How to choose a developer in Burnaby
Hire a team that maps your shoot-to-delivery pipeline and proves they can recalculate a real cascade, not just draw dependency arrows. Ask how a slipped day surfaces delivery-date risk and how external vendor windows couple to your schedule. Burnaby's production-heavy ecosystem means local developers can understand the editorial-VFX-sound chain, not just generic project boards. Confirm they integrate with your scheduling and cost systems so the PM tool reflects the real production, not a parallel plan.
- The production dependency chain encoded, so a slip recalculates the whole downstream schedule automatically
- Delivery-date risk surfaced the moment an upstream stage moves, not after a manual walk
- Vendor and stage coupling modelled realistically, so editorial, VFX, and sound windows shift together
- Producers freed from re-dating pipelines by hand on every weather call or reschedule
- A live, accurate schedule across the slate instead of boards that drift from reality
- Modelling real dependencies is harder than a task board, so the build costs more than adopting Asana
- The schedule is only as accurate as the dependency model, which takes care to get right
- Teams used to free-form boards must adapt to a more structured, dependency-driven tool
- For loosely coupled work where tasks are independent, a generic PM tool is entirely sufficient
- !They demo a prettier task board; ask how a slipped shoot day recalculates downstream automatically
- !No risk modelling; ask how delivery-date risk surfaces without a manual walk
- !No vendor coupling; ask how an external VFX window shifts with the schedule
- !They underestimate the dependency model; ask how they'll capture your real pipeline coupling
- !They quote without mapping your pipeline; ask how they'll learn shoot-to-delivery dependencies
Teams investing in project management in Burnaby usually scope it next to field service management, booking & scheduling, mobile app, since these systems share data and budgets.
Rohan advises mid-market and enterprise teams on ERP, CRM and custom software, and has led delivery on dozens of business-software builds.

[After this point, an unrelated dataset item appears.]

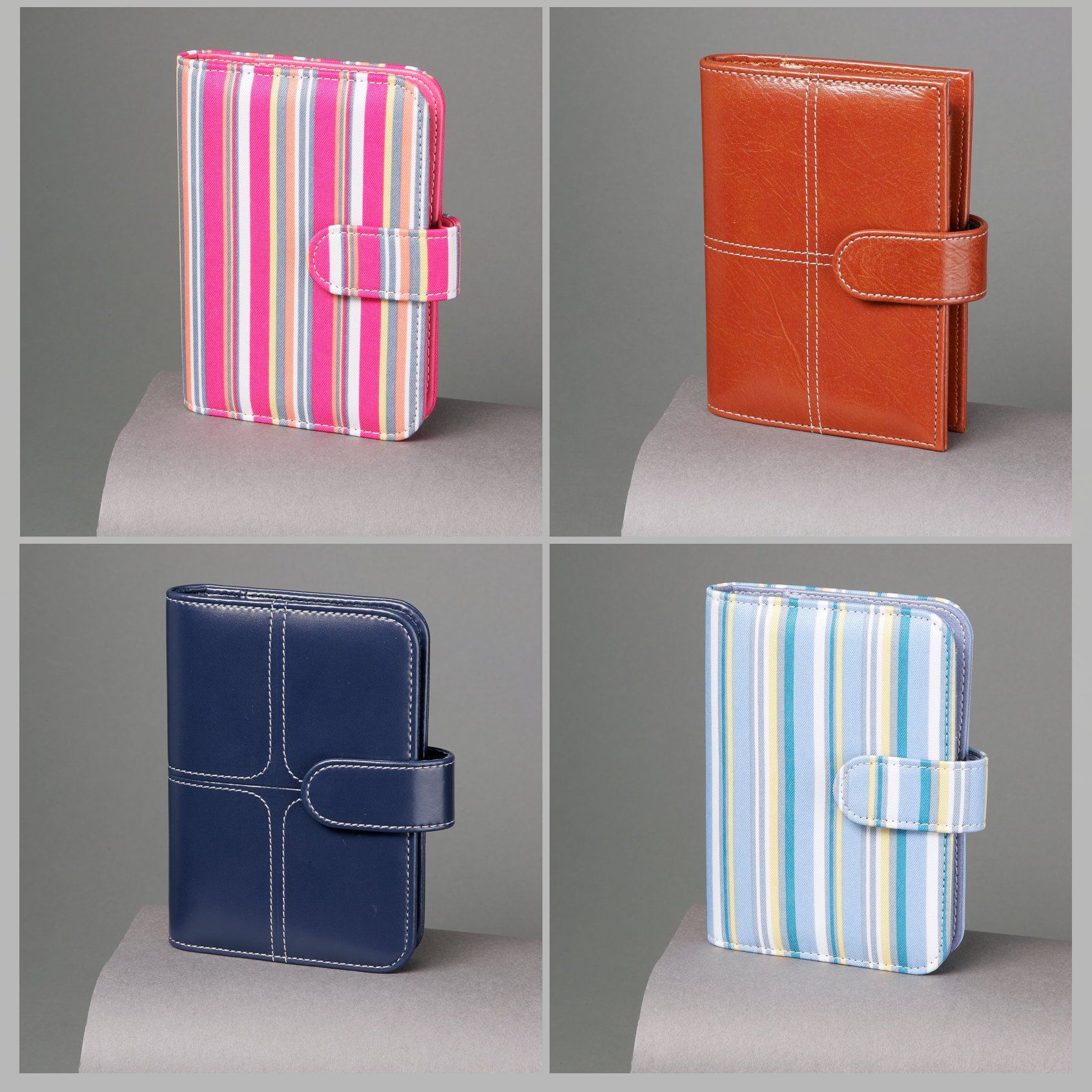 produktfotograf bielefeld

Writes for Digital Heroes, shipping business software for 2,000+ brands across 55+ countries since 2017.
Frequently asked questions
Why can't Asana or Monday handle our productions?
They model tasks and simple dependencies but don't understand a tightly coupled production pipeline where a slipped shoot day ripples through editorial, VFX, sound, and delivery. They show one task missing its date, not the cascade. A Burnaby studio needs the schedule to recalculate itself and flag delivery risk when a stage moves, which is exactly what a task board can't do.

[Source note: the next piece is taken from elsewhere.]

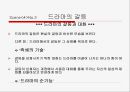 DRAMA 와 대화 [일상과 드라마] 12페이지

What does automatic downstream recalculation mean?
When an upstream stage, like a shoot day, slips, the system moves every dependent stage and recomputes the delivery date automatically, instead of a producer re-dating the chain by hand. The moment the weather call comes in, you see the new editorial, VFX, and delivery dates and the risk, while there's still time to mitigate. That foresight is the core value over a generic board.
Can it account for external vendors like a VFX house?
Yes. A custom build couples external windows to your schedule, so when your shoot slips, the partner's booked window and the downstream dates shift together and any conflict is flagged. Generic PM tools treat external work as just another task, missing the real scheduling interplay with vendors who have their own constraints.